TASK TO CARRY OUT => Every line from the top of the records through the line containing "Northlight Shamrock Gnome" should be retyped exactly; the pictures should not.

┌─ SUPPLIED MATERIAL

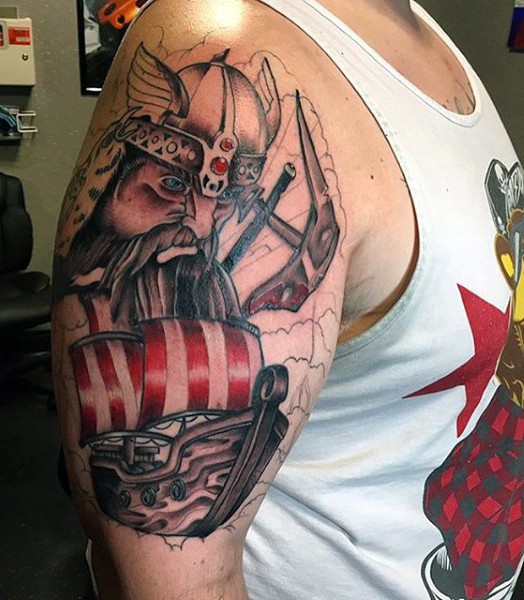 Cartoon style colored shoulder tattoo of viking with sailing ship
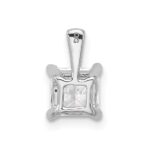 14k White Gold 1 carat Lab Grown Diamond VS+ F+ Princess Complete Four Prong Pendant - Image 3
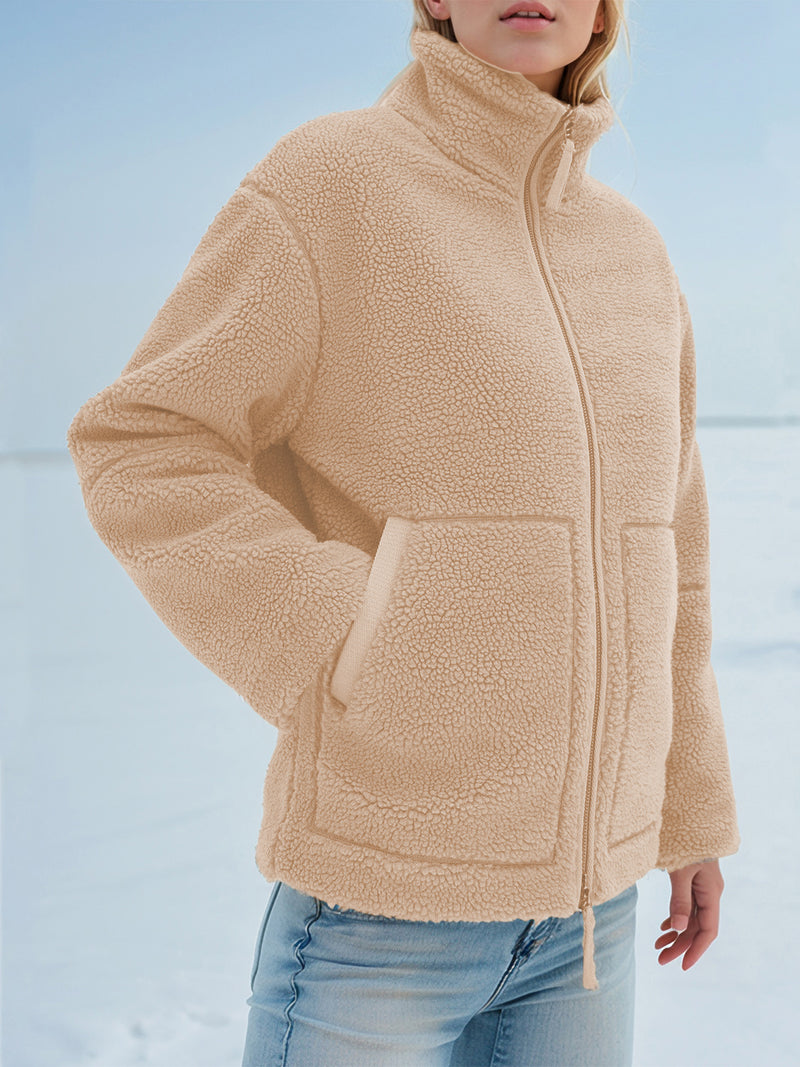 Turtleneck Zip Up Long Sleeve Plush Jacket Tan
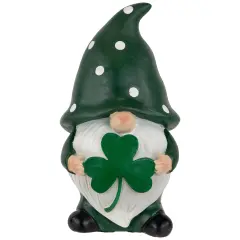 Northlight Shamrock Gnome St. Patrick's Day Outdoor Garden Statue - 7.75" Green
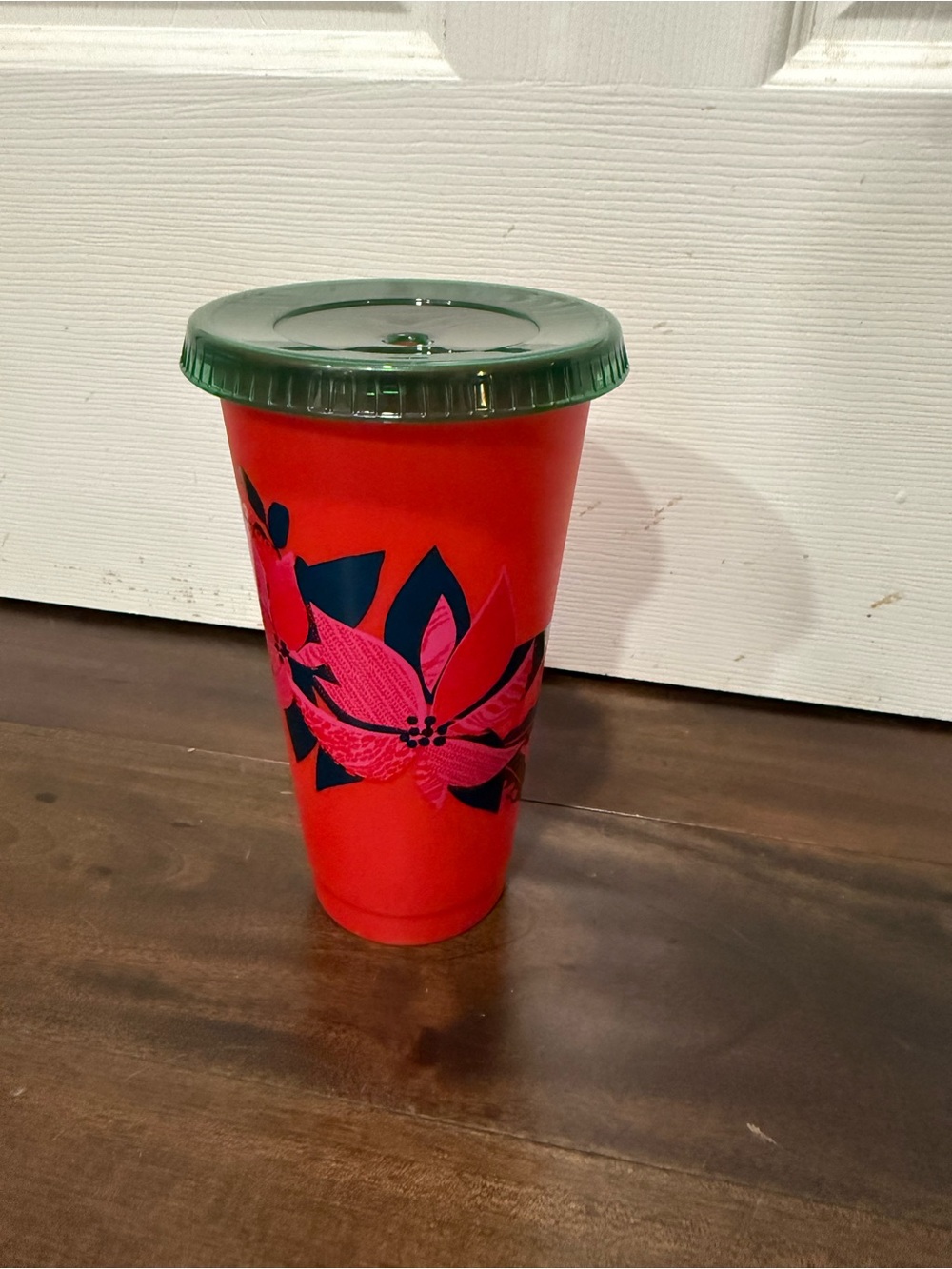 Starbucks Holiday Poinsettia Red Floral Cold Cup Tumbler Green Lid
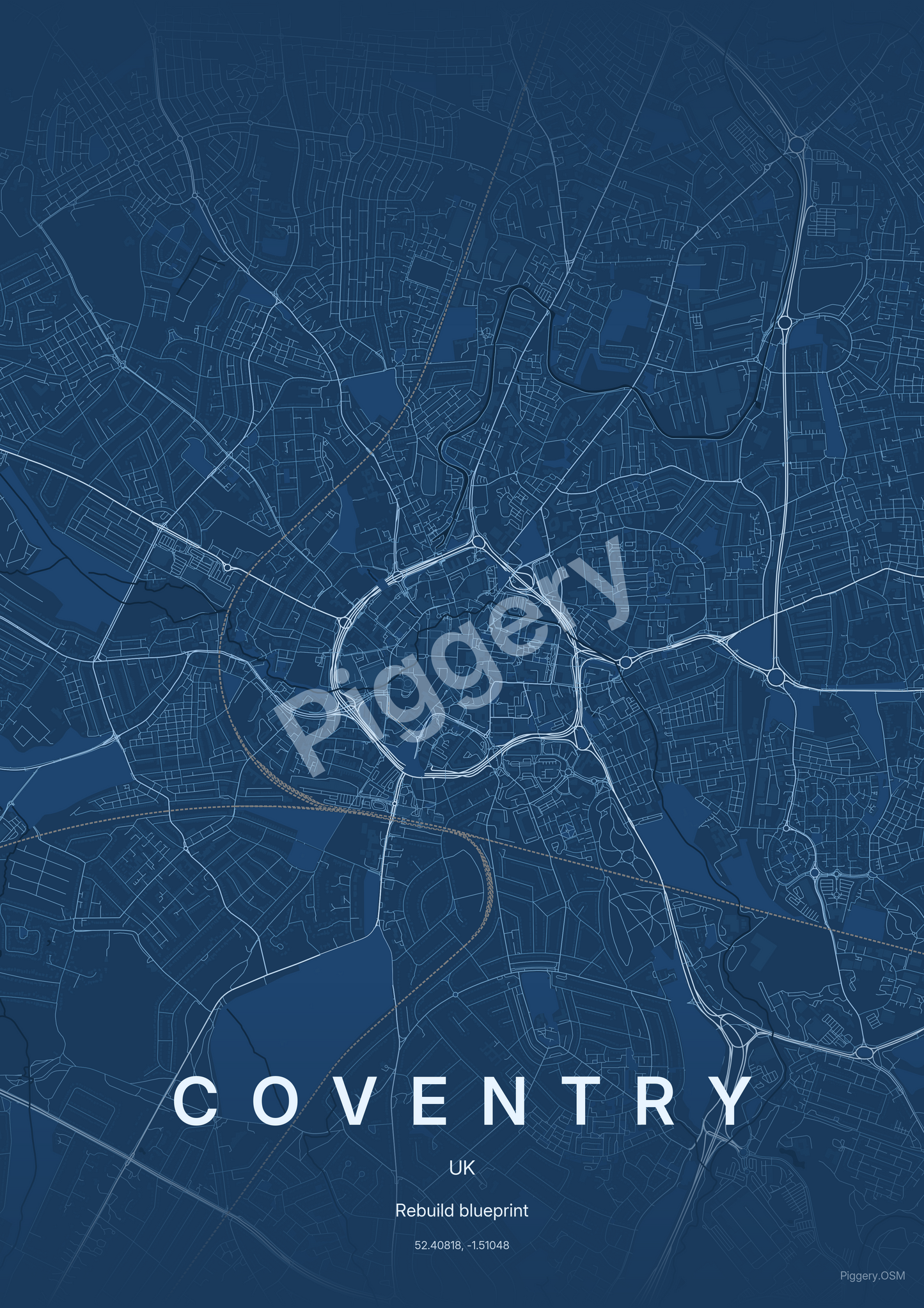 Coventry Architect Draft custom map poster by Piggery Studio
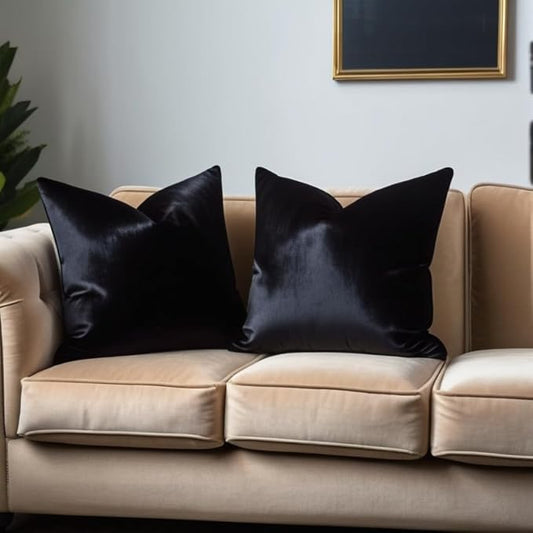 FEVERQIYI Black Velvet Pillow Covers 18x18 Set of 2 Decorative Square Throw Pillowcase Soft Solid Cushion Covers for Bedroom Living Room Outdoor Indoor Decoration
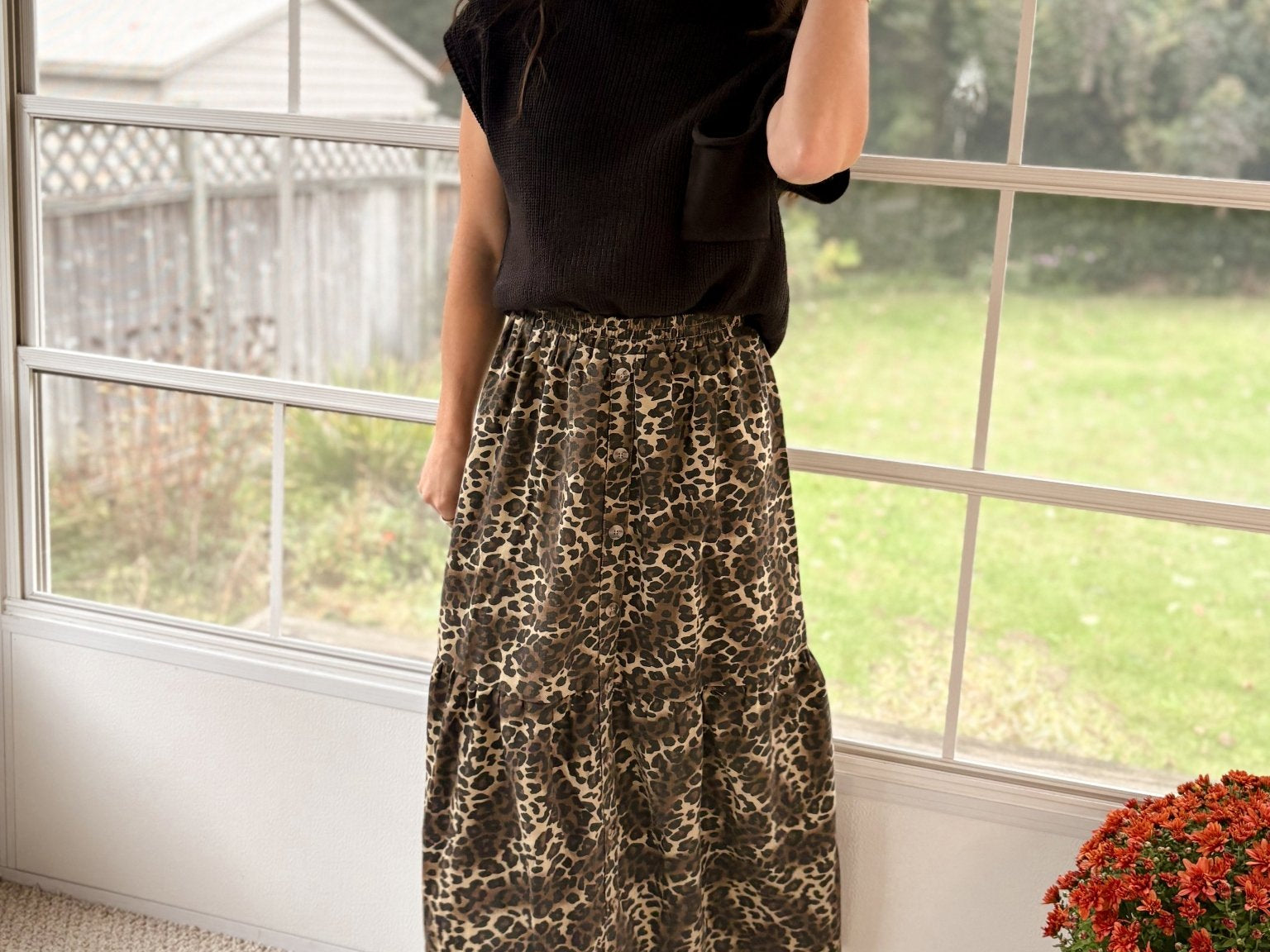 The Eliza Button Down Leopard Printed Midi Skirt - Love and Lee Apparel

└─

TASK ANSWER =>
 Cartoon style colored shoulder tattoo of viking with sailing ship
 14k White Gold 1 carat Lab Grown Diamond VS+ F+ Princess Complete Four Prong Pendant - Image 3
 Turtleneck Zip Up Long Sleeve Plush Jacket Tan
 Northlight Shamrock Gnome St. Patrick's Day Outdoor Garden Statue - 7.75" Green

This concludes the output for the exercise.